Content starts

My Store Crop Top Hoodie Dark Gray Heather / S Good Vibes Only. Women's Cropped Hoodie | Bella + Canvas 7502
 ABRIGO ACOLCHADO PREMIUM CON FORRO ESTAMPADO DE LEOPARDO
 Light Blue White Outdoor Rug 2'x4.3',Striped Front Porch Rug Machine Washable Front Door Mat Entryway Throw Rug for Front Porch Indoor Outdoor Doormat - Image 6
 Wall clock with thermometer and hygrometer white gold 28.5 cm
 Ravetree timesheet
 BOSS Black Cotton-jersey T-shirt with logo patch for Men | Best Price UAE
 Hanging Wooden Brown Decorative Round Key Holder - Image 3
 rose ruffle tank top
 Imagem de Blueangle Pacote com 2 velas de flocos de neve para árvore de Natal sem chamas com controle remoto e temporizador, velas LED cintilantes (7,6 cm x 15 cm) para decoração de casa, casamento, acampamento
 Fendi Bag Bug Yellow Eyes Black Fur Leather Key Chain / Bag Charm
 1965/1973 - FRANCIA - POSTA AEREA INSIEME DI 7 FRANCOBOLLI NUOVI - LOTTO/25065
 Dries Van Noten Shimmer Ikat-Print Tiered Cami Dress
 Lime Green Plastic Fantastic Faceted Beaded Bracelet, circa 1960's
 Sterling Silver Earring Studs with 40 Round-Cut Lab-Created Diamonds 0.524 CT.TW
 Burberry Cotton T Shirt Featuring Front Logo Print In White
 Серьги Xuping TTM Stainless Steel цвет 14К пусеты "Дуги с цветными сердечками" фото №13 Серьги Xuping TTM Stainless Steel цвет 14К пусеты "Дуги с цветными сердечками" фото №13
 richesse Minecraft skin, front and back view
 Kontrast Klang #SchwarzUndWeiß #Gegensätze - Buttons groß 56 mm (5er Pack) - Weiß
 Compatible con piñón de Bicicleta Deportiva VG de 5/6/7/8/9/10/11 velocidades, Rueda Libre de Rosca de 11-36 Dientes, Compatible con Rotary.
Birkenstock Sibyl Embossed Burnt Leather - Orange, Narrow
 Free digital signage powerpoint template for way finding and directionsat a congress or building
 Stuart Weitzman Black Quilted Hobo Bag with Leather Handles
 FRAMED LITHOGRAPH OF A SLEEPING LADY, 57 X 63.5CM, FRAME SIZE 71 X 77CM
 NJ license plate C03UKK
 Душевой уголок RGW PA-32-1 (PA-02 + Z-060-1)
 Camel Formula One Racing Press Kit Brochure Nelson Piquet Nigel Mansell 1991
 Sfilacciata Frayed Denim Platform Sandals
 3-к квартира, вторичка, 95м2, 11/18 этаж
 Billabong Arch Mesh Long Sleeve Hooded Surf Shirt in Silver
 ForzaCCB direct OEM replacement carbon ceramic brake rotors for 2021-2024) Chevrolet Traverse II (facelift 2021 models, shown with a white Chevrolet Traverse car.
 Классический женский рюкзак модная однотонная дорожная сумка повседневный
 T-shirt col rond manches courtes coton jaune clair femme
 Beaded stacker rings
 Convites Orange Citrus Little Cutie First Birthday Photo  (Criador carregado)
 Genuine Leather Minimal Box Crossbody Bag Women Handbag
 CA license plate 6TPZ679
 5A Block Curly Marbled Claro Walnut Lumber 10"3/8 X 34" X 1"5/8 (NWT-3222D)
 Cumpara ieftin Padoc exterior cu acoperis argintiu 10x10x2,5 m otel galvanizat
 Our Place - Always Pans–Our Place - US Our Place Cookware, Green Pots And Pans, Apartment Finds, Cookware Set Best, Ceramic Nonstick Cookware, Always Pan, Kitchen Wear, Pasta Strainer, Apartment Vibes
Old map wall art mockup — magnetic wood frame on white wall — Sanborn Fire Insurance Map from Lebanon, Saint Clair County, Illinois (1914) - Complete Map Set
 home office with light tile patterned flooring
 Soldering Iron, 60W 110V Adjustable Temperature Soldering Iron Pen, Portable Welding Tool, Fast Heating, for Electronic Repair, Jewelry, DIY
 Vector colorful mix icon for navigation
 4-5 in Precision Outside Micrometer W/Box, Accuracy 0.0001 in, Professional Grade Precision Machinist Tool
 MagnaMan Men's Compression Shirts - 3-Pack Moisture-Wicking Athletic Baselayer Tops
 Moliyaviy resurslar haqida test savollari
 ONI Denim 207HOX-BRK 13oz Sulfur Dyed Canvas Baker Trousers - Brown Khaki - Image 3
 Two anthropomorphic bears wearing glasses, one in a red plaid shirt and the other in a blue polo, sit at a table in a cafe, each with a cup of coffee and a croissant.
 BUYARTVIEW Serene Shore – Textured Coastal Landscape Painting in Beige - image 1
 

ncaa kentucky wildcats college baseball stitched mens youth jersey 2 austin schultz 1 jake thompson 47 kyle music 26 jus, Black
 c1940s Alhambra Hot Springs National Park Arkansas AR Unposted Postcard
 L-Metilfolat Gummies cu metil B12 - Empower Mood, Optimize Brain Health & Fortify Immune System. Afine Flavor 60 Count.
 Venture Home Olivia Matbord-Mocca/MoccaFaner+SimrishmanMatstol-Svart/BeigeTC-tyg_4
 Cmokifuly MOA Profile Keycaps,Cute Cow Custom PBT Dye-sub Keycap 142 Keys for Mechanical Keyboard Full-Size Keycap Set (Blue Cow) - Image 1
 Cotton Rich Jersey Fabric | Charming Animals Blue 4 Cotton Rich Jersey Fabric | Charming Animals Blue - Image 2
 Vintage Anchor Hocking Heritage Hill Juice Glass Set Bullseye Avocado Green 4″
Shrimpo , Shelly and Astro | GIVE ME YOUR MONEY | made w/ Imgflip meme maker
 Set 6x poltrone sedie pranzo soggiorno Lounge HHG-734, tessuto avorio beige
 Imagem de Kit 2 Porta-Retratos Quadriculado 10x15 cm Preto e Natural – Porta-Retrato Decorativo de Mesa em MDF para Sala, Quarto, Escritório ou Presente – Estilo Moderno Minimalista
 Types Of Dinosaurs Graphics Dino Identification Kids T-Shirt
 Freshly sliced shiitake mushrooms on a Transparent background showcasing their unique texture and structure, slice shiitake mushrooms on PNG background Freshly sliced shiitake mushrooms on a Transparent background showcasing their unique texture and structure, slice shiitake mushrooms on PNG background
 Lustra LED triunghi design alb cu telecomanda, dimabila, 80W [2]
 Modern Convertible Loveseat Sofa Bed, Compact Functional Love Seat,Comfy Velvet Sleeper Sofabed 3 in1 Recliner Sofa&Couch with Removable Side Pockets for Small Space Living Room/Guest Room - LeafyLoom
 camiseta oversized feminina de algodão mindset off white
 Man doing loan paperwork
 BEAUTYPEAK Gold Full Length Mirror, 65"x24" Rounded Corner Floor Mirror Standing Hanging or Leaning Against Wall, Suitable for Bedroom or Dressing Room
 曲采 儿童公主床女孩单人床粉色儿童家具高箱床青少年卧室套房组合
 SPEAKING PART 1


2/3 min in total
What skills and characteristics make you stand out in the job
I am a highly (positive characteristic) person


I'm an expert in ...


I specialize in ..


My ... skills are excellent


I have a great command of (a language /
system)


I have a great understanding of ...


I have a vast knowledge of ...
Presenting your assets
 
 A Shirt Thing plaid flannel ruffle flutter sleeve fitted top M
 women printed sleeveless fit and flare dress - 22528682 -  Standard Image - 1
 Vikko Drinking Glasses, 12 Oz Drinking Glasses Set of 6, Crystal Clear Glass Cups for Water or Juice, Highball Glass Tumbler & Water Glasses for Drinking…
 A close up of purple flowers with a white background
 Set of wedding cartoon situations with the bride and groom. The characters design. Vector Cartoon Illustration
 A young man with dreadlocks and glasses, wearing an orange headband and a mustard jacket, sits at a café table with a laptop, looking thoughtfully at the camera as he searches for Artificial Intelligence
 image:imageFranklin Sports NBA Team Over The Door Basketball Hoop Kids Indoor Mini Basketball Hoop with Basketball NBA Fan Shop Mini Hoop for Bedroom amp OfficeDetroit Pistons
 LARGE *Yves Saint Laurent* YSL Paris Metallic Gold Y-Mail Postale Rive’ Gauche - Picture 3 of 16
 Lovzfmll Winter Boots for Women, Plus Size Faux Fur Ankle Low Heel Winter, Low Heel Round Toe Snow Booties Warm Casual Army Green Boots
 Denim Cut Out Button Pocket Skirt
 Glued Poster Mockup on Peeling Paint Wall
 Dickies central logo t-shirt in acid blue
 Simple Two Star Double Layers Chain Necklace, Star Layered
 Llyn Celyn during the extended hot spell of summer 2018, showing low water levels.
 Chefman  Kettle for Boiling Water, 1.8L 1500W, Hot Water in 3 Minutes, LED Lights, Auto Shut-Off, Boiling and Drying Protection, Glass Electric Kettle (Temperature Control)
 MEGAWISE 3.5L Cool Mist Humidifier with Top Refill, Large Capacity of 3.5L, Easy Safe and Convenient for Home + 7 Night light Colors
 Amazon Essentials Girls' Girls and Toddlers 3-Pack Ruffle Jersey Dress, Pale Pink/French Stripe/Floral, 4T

Content ends

Exercise goal »
Look back at the entries above. Retype the line with "Our Place - Always", the line with "4-5 in Precision", and all lines in between.

Exercise response »
 Our Place - Always Pans–Our Place - US Our Place Cookware, Green Pots And Pans, Apartment Finds, Cookware Set Best, Ceramic Nonstick Cookware, Always Pan, Kitchen Wear, Pasta Strainer, Apartment Vibes
Old map wall art mockup — magnetic wood frame on white wall — Sanborn Fire Insurance Map from Lebanon, Saint Clair County, Illinois (1914) - Complete Map Set
 home office with light tile patterned flooring
 Soldering Iron, 60W 110V Adjustable Temperature Soldering Iron Pen, Portable Welding Tool, Fast Heating, for Electronic Repair, Jewelry, DIY
 Vector colorful mix icon for navigation
 4-5 in Precision Outside Micrometer W/Box, Accuracy 0.0001 in, Professional Grade Precision Machinist Tool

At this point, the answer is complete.